As for the battles, aside from the initial week of doing nothing, they’re probably the worst-implemented feature in the game, albeit simple. A civilization decides to attack another one based on a civ-wide vote, and everyone fills up available military unit slots in the battle menu, then way too many hours pass (for the battles in which I’ve participated, they’ve both had a timer of 9 or 10 hours until the battle starts) and the battle is decided based on the strength of the competing armies. Pretty simple, but also pretty boring. Not a screenshot from my civilization’s battle history, since individuals don’t exactly control when a battle can start and I couldn’t force one to take a screenshot of it.
For the Civ veterans or those new to the series wondering if the game is winnable, unlike most civilization-building browser games: Yes, the game is winnable. A match will move through various eras of time — like any Civ game — and each civilization will obtain points when they “beat” an era by achieving one of that era’s goals. The goals aren’t really achievable without teaming up with the rest of your civilization, but I suppose a power player who figured out the best possible strategies in the game (and possibly spends a lot of CivBucks) could conceivably achieve a goal all on his or her own.
It seems like once the game ends, the points gathered from era victories add up and then a winner is determined. The only other kind of victory aspect seems to be the player ranking, which is determined by fame points (the little star and number in the top left corner of most of the screenshots). Fame is simply a ranking number, and is accrued by completing various tasks: Gaining achievements or medals (basically achievements that are more difficult to obtain), winning battles, etc. The more fame a player has, the higher they are ranked within their own civilization. Players may also obtain gems which are a form of currency to spruce up their throne room — strictly an aesthetic activity, but carries over from match to match. Veteran Civ players will remember similar mechanics from older iterations of the franchise.
VERDICT
So, that’s Civilization World, for the most part. Yes, there was a lot of explanation and I didn’t cover everything — it’s Civilization, after all. But if I can say “It’s Civilization, after all,” why doesn’t it seem very good? Well, because it isn’t. Not yet, at least. It has all of the tools to be a decent entry in the venerable Civ franchise, but lacks the execution. I actually want to play, but every time I log in, I remember the game doesn’t really want me to and I immediately run out of stuff to do. Even if I join some new available games and play multiple games at once, that’s just me monitoring multiple games in which there is nothing do. If the actual technical issues are ironed out before release — and one can only assume they will be — the game still moves too slowly, there’s still barely anything to do. Browser-based civilization-building games tend to do that, but as explained somewhere far, far above, not like this.
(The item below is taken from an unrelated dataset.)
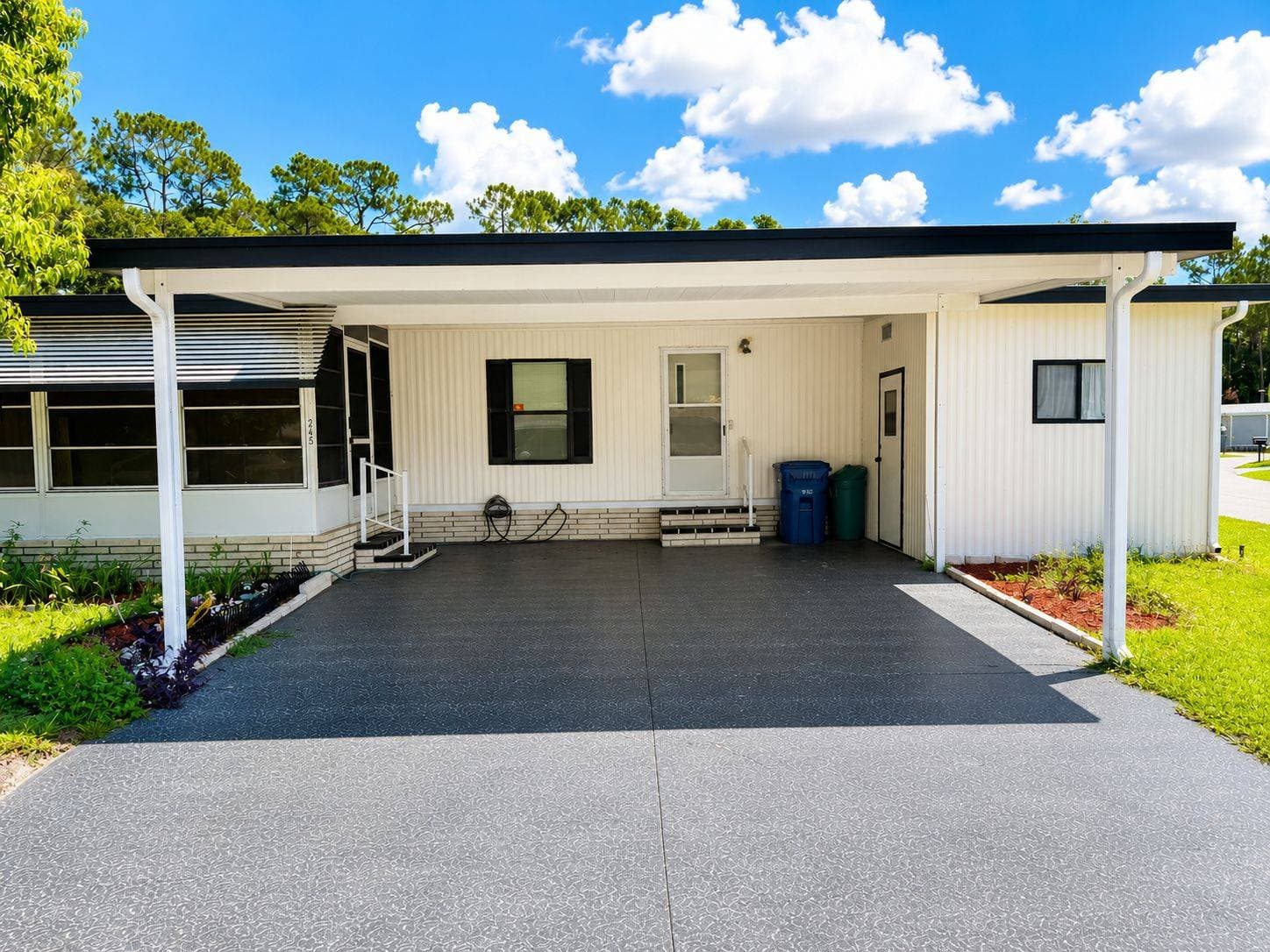Manufactured home in Haines City, FL 33844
No game should take the better part of a week before you can actually do anything in it, and then when you can actually do anything, there isn’t much to do anyway.
Ultimately, in this current version — which again, is still a Beta — Civ World is too simple and too slow (ironically enough) for the veteran Civ player, yet too complicated (and probably too slow) for the casual Facebook gamer. Rather than bridging the gap between hardcore gamers and casual gamers, it’s this Civ veteran’s opinion that Civ World fell into that gap rather than built a bridge across it. Maybe it should’ve pooled all its science into engineering.